We denote by $d(.,.)$ a metric with the common properties.
The Four Point Condition for vertices $x,y,z,t$ in a tree is known as $$d(x,y)+d(z,t) \leq \max \left\lbrace d(x,z)+d(y,t), d(x,t)+d(y,z) \right\rbrace ~~(1)$$ (for the sake of this question, you could regard the vertices simply as some points in a metric space)
Now, I've read several times (e.g. in this question Four-point condition for tree distances: is there a detropicalization proof?) that the statement $(1)$ is equivalent to saying that
(2): the two larger sums of $d(x,y)+d(z,t)$, $d(x,z)+d(y,t)$ and $d(x,t)+d(y,z)$ are equal and not less than the third.
I wanted to proof this and the direction $(2) \Rightarrow (1)$ was fairly simply; however, I am having some difficulties showing the other direction.

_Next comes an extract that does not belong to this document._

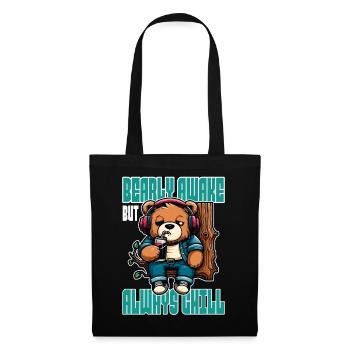 Bearly Awake - Drôle d’ours Design - Sac en tissu - noir - Devant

This is what I have so far:
By (1) we have $d(x,y)+d(z,t) \leq d(x,z)+d(y,t)$ and $d(x,y)+d(z,t) \leq d(x,t)+d(y,z)$. Now, I need to show that $d(x,z)+d(y,t)= d(x,t)+d(y,z)$. For this, assume that $d(x,z)+d(y,t) \neq d(x,t)+d(y,z)$, in particular $d(x,z)+d(y,t) < d(x,t)+d(y,z)$. Then, by using the triangle inequality and symmetry, we get
$$d(x,z)+d(y,t) < d(x,t)+d(y,z) \\ \Leftrightarrow d(x,z)+d(y,t) < d(x,y) + d(y,t)+d(y,z) \\ \Leftrightarrow d(x,z)+d(y,t) < d(x,y) + d(y,t)+d(y,t) + d(t,z) \\ \Leftrightarrow d(x,z)+d(y,t) < d(x,y) + d(y,t)+d(y,t) + d(t,z) \\ \Leftrightarrow d(x,z)+d(y,t) < d(x,y) + d(z,t)+2d(y,t) $$
My aim was to somehow show that I would obtain $d(x,z)+d(y,t) < d(x,y) + d(z,t)$ which would be wrong due to the Four Point Condition.
Any ideas or suggestion on how to proof this? Thank you!